- [TASK PROMPT]: Copy nothing but the lines below running from the line containing "Woodland flax" through the line containing "Zoologia: przedstawienie ryby", both end lines included.

- [Records from a data collection]:
- Opening Delimiter -

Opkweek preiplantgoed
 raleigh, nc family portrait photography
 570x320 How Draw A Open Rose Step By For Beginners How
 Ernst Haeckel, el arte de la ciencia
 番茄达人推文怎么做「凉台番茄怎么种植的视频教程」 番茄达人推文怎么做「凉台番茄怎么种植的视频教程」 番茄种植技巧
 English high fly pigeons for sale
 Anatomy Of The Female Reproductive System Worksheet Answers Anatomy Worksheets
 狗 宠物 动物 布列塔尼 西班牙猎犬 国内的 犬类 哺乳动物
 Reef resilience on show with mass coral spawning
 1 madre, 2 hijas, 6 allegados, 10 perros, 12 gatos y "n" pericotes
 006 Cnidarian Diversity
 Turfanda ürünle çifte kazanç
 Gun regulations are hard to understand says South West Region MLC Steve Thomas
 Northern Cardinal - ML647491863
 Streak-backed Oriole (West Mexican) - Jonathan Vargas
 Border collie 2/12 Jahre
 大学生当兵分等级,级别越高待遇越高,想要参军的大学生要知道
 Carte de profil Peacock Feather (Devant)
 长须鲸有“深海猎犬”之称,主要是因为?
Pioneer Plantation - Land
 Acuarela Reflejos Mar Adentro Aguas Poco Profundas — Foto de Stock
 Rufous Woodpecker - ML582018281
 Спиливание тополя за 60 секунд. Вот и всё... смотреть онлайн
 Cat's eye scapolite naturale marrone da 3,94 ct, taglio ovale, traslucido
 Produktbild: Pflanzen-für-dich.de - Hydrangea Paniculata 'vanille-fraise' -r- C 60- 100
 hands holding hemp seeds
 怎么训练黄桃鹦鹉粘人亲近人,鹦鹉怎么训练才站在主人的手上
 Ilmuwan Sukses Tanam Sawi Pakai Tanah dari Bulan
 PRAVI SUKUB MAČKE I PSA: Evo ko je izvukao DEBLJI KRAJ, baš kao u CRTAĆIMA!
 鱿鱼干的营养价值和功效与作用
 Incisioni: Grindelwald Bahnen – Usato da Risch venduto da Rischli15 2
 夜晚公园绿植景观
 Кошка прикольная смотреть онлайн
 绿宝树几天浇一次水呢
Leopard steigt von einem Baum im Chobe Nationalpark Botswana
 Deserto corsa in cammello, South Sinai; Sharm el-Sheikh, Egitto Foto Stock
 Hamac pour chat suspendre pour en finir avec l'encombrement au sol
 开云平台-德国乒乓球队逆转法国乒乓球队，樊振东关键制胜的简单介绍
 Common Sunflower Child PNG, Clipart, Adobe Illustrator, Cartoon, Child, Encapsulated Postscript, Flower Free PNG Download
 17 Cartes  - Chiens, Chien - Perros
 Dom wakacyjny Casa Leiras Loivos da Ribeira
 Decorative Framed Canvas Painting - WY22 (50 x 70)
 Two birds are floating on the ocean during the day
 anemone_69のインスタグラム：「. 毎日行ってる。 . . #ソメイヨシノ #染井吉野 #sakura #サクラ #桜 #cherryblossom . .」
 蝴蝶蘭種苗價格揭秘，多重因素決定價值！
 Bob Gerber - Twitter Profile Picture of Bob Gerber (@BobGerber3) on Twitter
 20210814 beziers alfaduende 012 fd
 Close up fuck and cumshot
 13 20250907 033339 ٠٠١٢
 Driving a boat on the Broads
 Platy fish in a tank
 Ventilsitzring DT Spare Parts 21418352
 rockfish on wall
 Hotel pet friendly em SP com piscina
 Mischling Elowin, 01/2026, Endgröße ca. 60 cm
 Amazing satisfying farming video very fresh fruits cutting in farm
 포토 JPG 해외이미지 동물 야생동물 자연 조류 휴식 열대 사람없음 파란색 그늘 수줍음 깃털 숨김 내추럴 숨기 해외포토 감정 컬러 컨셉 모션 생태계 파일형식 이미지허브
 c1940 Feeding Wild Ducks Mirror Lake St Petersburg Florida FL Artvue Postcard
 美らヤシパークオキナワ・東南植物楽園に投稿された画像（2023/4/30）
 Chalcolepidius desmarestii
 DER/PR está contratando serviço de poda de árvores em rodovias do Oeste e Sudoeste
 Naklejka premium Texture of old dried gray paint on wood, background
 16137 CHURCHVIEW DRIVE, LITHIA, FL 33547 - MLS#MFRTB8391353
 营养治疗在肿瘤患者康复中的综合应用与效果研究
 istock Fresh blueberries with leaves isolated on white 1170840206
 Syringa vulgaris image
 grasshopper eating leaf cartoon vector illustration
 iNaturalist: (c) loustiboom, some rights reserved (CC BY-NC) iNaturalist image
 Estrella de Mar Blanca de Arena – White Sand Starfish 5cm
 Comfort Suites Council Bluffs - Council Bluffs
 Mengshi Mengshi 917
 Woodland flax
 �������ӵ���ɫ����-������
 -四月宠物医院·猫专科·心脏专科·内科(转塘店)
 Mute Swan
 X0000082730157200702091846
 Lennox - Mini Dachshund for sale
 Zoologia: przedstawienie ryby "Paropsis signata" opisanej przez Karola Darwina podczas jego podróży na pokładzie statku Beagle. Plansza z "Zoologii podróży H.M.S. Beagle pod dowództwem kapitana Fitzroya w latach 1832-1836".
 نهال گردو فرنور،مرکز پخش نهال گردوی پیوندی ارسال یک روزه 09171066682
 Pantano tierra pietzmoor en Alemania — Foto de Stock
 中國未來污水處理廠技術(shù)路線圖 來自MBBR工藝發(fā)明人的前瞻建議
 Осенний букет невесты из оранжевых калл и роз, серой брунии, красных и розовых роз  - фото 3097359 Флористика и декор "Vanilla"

- Closing Delimiter -

- [SOLUTION]:
 Woodland flax
 �������ӵ���ɫ����-������
 -四月宠物医院·猫专科·心脏专科·内科(转塘店)
 Mute Swan
 X0000082730157200702091846
 Lennox - Mini Dachshund for sale
 Zoologia: przedstawienie ryby "Paropsis signata" opisanej przez Karola Darwina podczas jego podróży na pokładzie statku Beagle. Plansza z "Zoologii podróży H.M.S. Beagle pod dowództwem kapitana Fitzroya w latach 1832-1836".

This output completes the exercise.